Construction defects and the RCLA

Texas condo construction-defect claims run through the Residential Construction Liability Act (Tex. Prop. Code Ch. 27), which requires pre-suit notice and a builder cure/offer process — the builder gets windows to inspect and make a written repair offer — before litigation. Critically, while the 2023 legislature cut the residential statute of repose from 10 to 6 years for detached one- and two-family homes and townhouses three stories or fewer, condominiums generally remain on the 10-year repose window. That longer window matters for defect exposure on mid- and high-rise condo stock and after developer transition.

Insurance-coverage disputes

Hail and hurricane claims are a major Texas litigation driver — Harvey spawned extensive coverage litigation, and hail "roofing" claims are heavily litigated. An association in a coverage dispute with its master-policy carrier is a real risk flag, especially after a catastrophe year, because an unresolved or underpaid claim can leave storm repairs stalled and underfunded, with special-assessment risk landing on owners. Ask directly whether any wind, hail, or flood claim is in dispute.

Collection, foreclosure, and owner disputes

Texas condo associations can foreclose assessment liens nonjudicially (power-of-sale) under §82.113, while subdivision HOAs must use expedited judicial foreclosure under §209.0092 — so heavy foreclosure activity signals financial distress or aggressive collections. Owners may also sue for covenant-enforcement abuses, selective enforcement, records denials, fair-housing violations, or breach of fiduciary duty, and short-term-rental restrictions are a recurring source of fines and litigation. A pattern of owner-versus-association suits is a governance warning sign.

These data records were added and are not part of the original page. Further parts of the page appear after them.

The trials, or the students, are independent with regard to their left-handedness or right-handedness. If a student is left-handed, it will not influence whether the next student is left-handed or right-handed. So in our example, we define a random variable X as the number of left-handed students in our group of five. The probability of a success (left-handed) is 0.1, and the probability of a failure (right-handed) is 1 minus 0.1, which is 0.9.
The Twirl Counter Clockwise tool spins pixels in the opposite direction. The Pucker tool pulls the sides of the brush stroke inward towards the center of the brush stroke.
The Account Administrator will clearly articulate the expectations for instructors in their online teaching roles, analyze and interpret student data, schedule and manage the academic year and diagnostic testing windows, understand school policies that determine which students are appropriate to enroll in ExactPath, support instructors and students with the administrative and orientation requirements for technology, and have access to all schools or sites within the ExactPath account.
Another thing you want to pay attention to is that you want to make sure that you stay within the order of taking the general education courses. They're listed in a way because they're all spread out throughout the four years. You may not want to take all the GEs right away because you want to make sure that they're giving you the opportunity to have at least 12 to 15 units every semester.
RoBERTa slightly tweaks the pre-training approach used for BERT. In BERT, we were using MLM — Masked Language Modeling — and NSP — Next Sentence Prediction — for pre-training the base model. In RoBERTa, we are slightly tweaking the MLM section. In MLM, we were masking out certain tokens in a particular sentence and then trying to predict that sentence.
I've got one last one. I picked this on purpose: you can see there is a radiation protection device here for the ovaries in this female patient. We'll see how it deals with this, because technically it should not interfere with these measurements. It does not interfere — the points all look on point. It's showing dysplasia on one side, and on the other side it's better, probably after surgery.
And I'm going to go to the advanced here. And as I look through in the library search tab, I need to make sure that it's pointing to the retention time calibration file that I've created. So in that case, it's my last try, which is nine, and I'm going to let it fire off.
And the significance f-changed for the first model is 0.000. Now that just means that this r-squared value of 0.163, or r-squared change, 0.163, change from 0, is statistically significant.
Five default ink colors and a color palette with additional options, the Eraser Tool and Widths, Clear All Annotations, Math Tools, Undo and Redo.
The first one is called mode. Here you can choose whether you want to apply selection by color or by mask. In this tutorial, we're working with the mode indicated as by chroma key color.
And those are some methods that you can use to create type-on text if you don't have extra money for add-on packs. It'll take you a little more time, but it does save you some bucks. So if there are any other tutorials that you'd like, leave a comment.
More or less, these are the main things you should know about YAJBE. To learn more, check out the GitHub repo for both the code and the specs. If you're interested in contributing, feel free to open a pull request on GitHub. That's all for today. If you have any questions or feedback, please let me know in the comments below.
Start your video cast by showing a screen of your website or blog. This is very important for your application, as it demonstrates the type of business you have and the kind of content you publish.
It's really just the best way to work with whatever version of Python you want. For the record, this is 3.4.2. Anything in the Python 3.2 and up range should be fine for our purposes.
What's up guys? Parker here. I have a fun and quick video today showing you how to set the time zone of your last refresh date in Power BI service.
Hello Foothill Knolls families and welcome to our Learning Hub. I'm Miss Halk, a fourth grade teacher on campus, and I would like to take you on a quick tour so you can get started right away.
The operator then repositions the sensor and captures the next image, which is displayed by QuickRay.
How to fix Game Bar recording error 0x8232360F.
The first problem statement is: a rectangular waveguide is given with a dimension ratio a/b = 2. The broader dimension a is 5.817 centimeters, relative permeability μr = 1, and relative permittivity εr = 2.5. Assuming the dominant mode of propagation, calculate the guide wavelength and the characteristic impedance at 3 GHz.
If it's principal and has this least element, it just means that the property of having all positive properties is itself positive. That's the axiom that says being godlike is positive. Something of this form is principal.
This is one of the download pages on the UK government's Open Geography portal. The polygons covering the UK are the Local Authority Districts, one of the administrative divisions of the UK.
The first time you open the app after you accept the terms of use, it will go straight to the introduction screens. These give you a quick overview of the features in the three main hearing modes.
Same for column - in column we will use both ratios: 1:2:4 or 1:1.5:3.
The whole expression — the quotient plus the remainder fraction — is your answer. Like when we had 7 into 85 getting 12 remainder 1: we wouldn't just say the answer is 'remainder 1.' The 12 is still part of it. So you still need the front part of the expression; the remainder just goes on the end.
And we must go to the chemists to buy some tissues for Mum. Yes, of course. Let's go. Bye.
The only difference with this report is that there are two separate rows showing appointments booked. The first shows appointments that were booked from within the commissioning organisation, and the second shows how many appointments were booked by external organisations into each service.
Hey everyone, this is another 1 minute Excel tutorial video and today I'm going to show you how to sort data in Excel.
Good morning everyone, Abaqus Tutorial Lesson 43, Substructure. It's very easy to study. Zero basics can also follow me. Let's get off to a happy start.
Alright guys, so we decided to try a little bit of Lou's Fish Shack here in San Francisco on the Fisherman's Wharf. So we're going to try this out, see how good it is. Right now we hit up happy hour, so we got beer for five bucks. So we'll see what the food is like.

How litigation is disclosed at resale

The §82.157 resale certificate discloses the "nature of any pending suits" and unsatisfied judgments, but material litigation is often reflected only in the financial statements' contingency notes and the board minutes. Request a direct litigation summary and read the contingency notes; the statutory pending-suit line is a starting point, not a complete record. A material suit known from other sources but absent from the certificate is itself a disclosure red flag worth pressing.

Texas legal references

Informational only. Not legal advice. Always confirm against current statute and counsel.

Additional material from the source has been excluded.